Just another bomb blast in Afghanistan
I first read about this in the on-line edition of the New York Times. The early report did not have a full count of the casualties. The headline, which vastly under-reported the number of dead, said simply: "26 dead in Afghan suicide blast."
The first paragraph was a repeat of news items about Afghanistan that I had become so familiar with:
"A suicide attacker threw himself at a delegation of lawmakers visiting a town in northern Afghanistan on Tuesday, killing as many as 26 people, including a leading opposition figure, and wounding scores more, local and regional Afghan officials said."
Sad though it may seem, I had become used to such dispatches from Afghanistan. It was just another bomb blast in Afghanistan, I thought, and was about to move on to other stories.
The next paragraph, consisting of a single sentence, drew my attention: "Many of the victims were schoolchildren performing at a welcoming ceremony."
I started having the same thought that has haunted me ever since I came to know this beautiful but unfortunate country: when will this all stop?
And where were the leaders who could ensure that Afghans are forever spared such tragedies? Karzai was clearly failing and the old warlords could not be trusted. My thoughts then drifted towards Sayed Mustafa Kazemi.
A strikingly handsome man, even by Afghan standards, Mustafa Kazemi was Afghanistan's commerce minister when I first met him in early 2004. I had walked into his room with the usual trepidation you have when meeting a minister.
The interlocutor, either a fellow World Bank staff or an official of the Commerce Ministry -- I do not remember exactly now -- introduced me as Syed Mahmood (the name that I was known by at my work place in deference to the western practice of using one's first name).
Suddenly, Mr. Kazemi's eyes opened up, his smile became broader, and as his hands clasped mine in one of the warmest handshakes I have ever experienced, he repeated my name, with an extra emphasis on the word "Syed." I noted he was a Syed too, and that emphasis reminded me of something I had heard many years ago -- that Afghans have a special regard for "Syeds," believed to be people with a direct lineage to the Prophet.
That was my first visit to Afghanistan and the meeting took place on the third day of my visit. I was still unsure of things in this troubled and risky land. My wife had not wanted me to work in Afghanistan, having had her own worries about security compounded by the reactions of whoever she had mentioned my impending visit to: "What, Afghanistan?!" or "Does he really have to go there?!"

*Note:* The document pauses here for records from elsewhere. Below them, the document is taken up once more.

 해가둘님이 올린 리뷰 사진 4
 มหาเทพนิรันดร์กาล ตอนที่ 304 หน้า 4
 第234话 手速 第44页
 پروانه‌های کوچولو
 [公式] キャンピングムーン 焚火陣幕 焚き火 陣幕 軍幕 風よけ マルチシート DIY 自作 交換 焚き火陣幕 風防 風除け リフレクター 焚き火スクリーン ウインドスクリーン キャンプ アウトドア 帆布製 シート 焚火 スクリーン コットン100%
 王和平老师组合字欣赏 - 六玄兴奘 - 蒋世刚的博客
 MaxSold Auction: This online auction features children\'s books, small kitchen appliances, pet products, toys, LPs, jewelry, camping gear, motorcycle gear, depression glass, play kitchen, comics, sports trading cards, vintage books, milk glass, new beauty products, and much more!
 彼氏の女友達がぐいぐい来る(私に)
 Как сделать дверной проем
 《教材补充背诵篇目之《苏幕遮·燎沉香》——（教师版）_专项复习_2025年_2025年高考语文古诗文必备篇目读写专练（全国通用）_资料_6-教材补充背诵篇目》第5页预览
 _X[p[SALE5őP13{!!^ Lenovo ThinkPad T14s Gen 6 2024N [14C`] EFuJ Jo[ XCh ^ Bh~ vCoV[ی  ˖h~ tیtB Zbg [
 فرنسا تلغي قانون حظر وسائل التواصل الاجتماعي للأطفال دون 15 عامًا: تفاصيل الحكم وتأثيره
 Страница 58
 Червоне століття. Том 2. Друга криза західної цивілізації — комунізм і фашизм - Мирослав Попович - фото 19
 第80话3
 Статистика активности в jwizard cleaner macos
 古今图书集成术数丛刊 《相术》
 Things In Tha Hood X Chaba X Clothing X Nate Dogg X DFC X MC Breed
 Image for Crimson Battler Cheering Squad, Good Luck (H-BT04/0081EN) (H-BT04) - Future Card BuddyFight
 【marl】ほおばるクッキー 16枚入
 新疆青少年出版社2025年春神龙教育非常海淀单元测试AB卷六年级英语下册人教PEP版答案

And it was not reassuring that within two hours of landing in Kabul, I had to go, with many other officials of international organisations making their first trip to Afghanistan, to a UN briefing session, where we learned not about the culture and literature of Afghanistan but about the different sizes and shapes of car bombs.
But Kabul was a warm place. The snow-capped mountains in the distance, the bright sunshine, the crowded streets and, above all, the friendliness of the people, kept telling me that it can't be all that bad. But the meeting with Mr. Kazemi was the tipping point -- his warm hand-shake and the emphasised mention of my first name made me feel immediately at home. The subsequent discussions got me excited about Afghanistan's future.